Difference between two Implementation of even and odd in Prolog

Question

i have two implementation of Prolog , the Function is to decide if the given number is odd or even

the first one works correctly

even1(0).
even1(X) :- X>0 ,X1 is X-1, odd1(X1).

odd1(1).
odd1(X) :- X>1 , X1 is X-1, even1(X1).

even1(2) returns true

but the second one doesnt work correctly

even2(0).
even2(X) :- X>0 , odd2(X-1).

odd2(1).
odd2(X) :- X>1 , even2(X-1).

even2(2) returns false can anyone explain to me whats is the difference between the two of them ?

Answer 1

Prolog is a relational language, not a functional language.
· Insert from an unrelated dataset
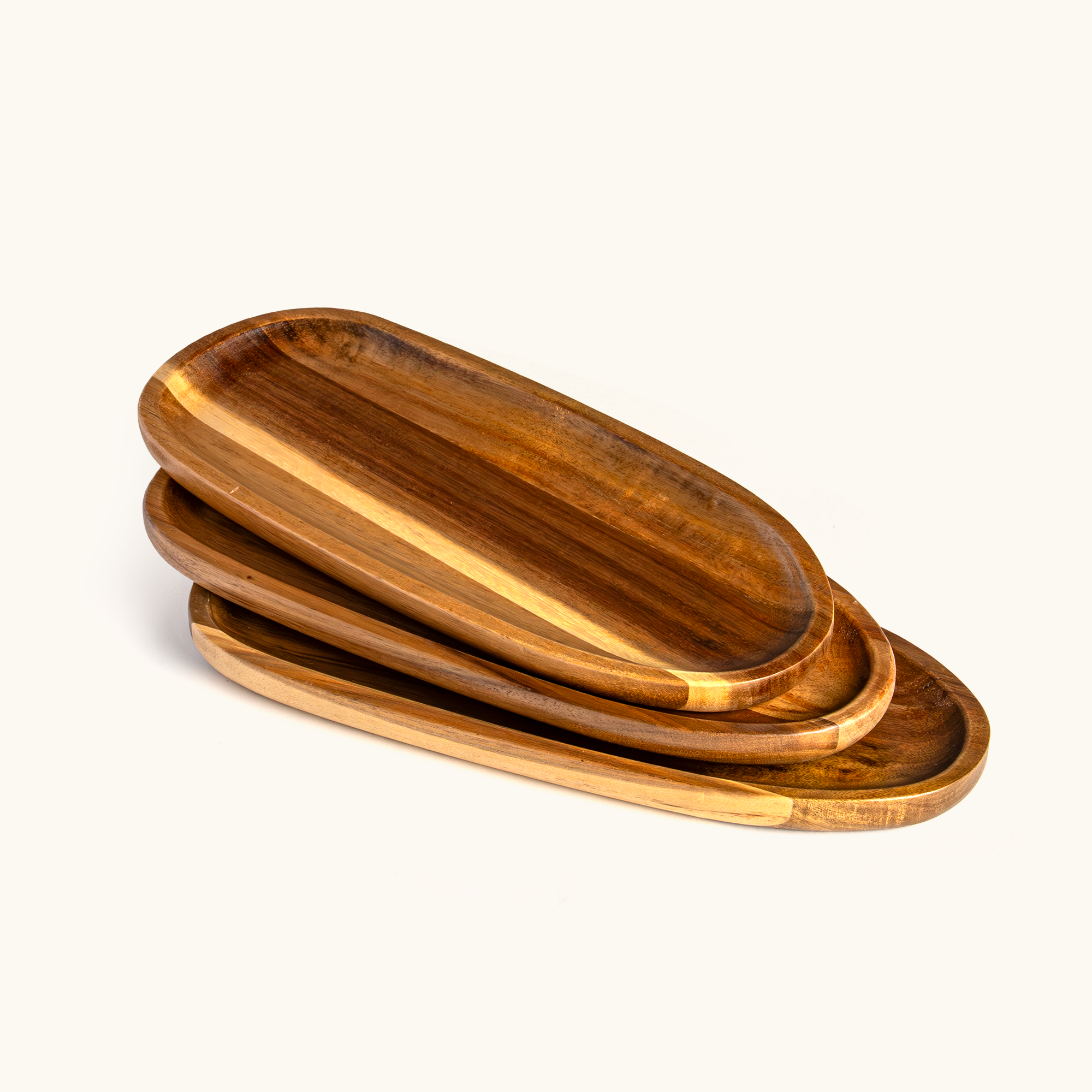 Touche Deco Acacia Oval Platter-Single Piece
Thus, when you call odd2(X-1), the predicate argument, X-1, is not evaluated as an expression but interpreted as a compound term:

?- functor(X-1, Name, Arity).
Name =  (-),
Arity = 2.

You can check what happens when Prolog proves a query by using your system trace functionality:

?- trace.
true.

[trace]  ?- even2(2).
   Call: (8) even2(2) ? creep
   Call: (9) 2>0 ? creep
   Exit: (9) 2>0 ? creep
   Call: (9) odd2(2-1) ? creep
   Call: (10) 2-1>0 ? creep
   Exit: (10) 2-1>0 ? creep
   Call: (10) even2(2-1-1) ? creep
   Call: (11) 2-1-1>0 ? creep
   Fail: (11) 2-1-1>0 ? creep
   Fail: (10) even2(2-1-1) ? creep
   Fail: (9) odd2(2-1) ? creep
   Fail: (8) even2(2) ? creep
false.

Note that the expression 2-1-1 evaluates to zero but, being a compound term, the call even2(2-1-1) doesn't unify with your base case for the predicate, even2(0):

?- even2(2-1-1) = even2(0).
false.

?- 2-1-1 = 0.
false.

Therefore, Prolog tries the second clause and the call eventually fails the X>0 check. Note that >/2, by being an arithmetic comparison predicate, it does evaluate its arguments prior to the actual comparison.